The standards are just one component of Common Core so proponents can cleverly point to those standards and say there are no methods or subject content required. But there are several other Common Core components that do indeed control what teachers teach, how to teach it, when to teach it and how the classroom is to be arranged.
Teacher evaluation is the latest and probably the harshest component of Common Core. The Arkansas State Department of Education developed this evaluation, and the Legislature passed it into law, Act 709 of 2013. Under this law, “teachers would be placed in ‘intensive support’ status if they score unsatisfactory rating in any category.” Teachers who “cannot satisfactorily complete plans to be removed from ‘intensive support’ could be subject to termination.”
The principals can no longer evaluate teachers based on their own professional knowledge and expertise. By law, they must evaluate the teacher on the things the government has outlined. The evaluation model adopted by Arkansas, which is written by Charlotte Danielson in “Professional Practice, A Framework for Teaching,” indicates the teacher must do many things (more than 20) contrary to traditional education.
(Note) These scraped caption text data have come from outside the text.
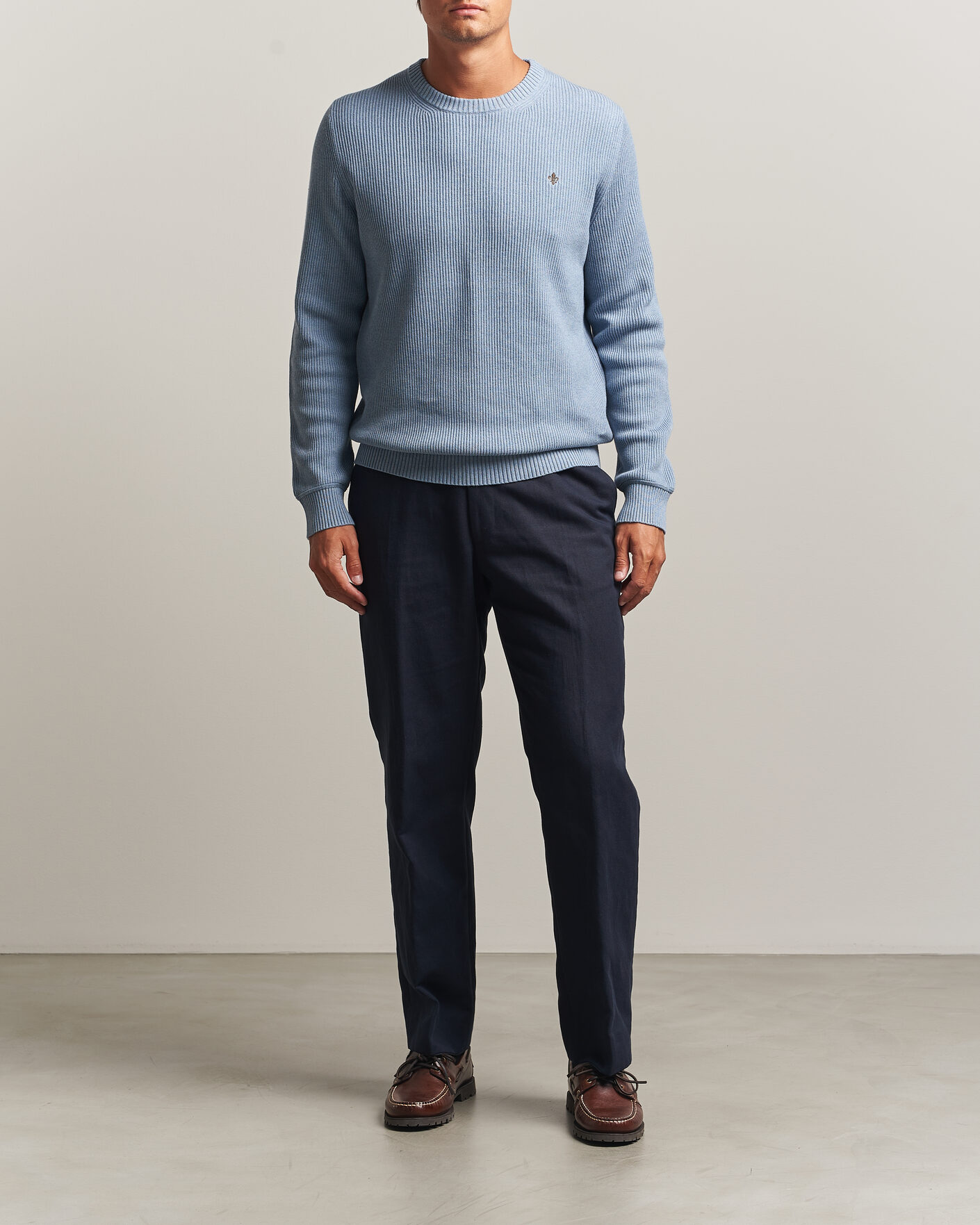 Homme | Pulls Et Tricots | Morris | Colin O-Neck Light Blue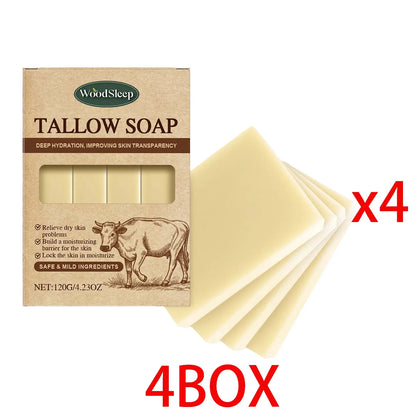 Grass-Fed Beef Tallow Soap Gently Clean For Skincare Suitable For Face &amp; Body Wash Refreshing Rich In Lather Soap Bar Moisturize
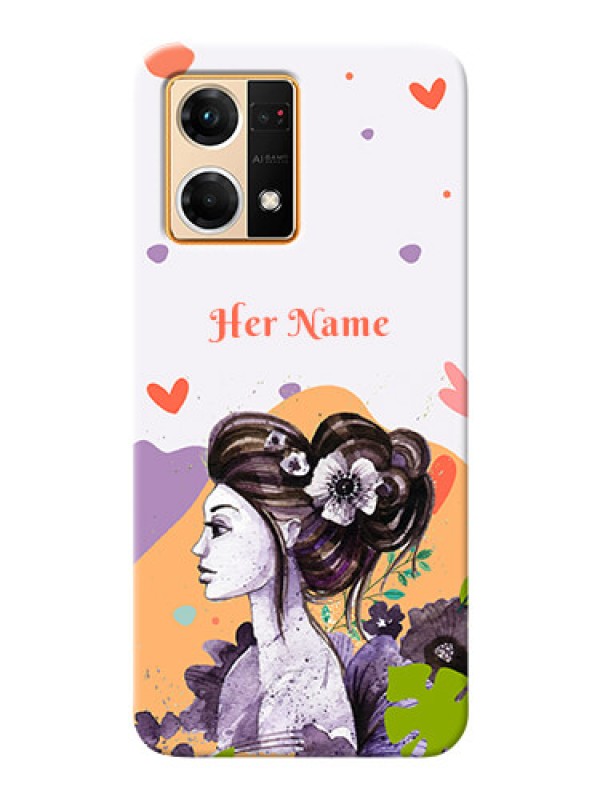 Custom Oppo F21 Pro Custom Mobile Case with Woman And Nature Design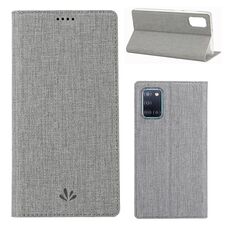 Per Samsung Galaxy A31 ViLi Custodia protettiva antiurto in TPU + PU con vibrazione orizzontale con slot per scheda e supporto (grigio)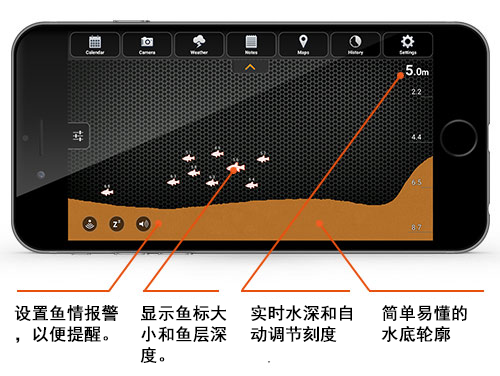 得朋探鱼器deeper start进口智能无线声纳钓鱼筏钓台钓中文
• Show genuine enthusiasm for Common Core content [whether teacher feels it or not — this stifles teacher’s freedom of speech, values, and experience] p. 69
• Indicate which Common Core standard is being taught that day [to prepare students for the PARCC test that is aligned with Common Core standards, thus controlling curriculum since teachers can be terminated for low student test scores.] p. 173
• Arrange seating in circles or groups — [as opposed to the traditional straight rows.] p.76
• Use a great amount of group learning [most often where students are divided into groups of 4 or 5 and work on a project with all getting the same grade. Some of the students do all the work and the others do nothing. This method emphasizes the collective and socialism over the individual and is the hardest structure in which to keep discipline…] p 72 & 173
• Welcomes suggestions from “specialists” and invites them to help in planning lessons and methods. [“specialists” often have far less education and experience than the teacher, but instead are specialists in methods Common Core is promoting] p. 115-116
All these methods are repeatedly taught in staff development ([teacher training). Teachers are required to attend several days of this forced indoctrination which could be compared to sensitivity training for so-called homophobes. One reformer summed it up this way: “‘Breaking the mold’ means breaking this system [traditional education], root and branch.”
Then there are the grants that bribe states and districts to participate in Common Core. To qualify for a share of Obama’s $4.35 billion Race to The Top (RTTP) grant “18 states changed teacher-evaluation laws, in some cases explicitly tying the legislation to ‘Race to the Top’ requirements.”
(Obama’s educational reforms were first called Race to the Top (RTTT) and soon morphed into Common Core. There is serious talk about changing the name of Common Core since so many people now oppose it.)
Arkansas’ application for a $374 million RTTT grant included national Common Core of Education standards and tests (PARRC), math instructional programs across the state and many other changes that Washington favors. Forty-six states developed comprehensive education reform plans to apply for RTTT grants, and 34 actually changed laws or policies.
Arkansas didn’t win a RTTT grant, but the changes stayed — just as they did all over the nation. Obama said he wanted change, and he got a lot of bang for his bucks with $4.35 billion RTTT grants. I wonder just how many other changes Obama has been able to leverage with the full $100 billion (taxpayer money) dedicated to education reform from the stimulus fund?
Obama’s Common Core educational reforms are just about as complex, as destructive and as voluntary and affordable as Obamacare! And it is a shame that so many legislators, parents, and leaders are being deceived.
Debbie Pelley is a resident of Jonesboro.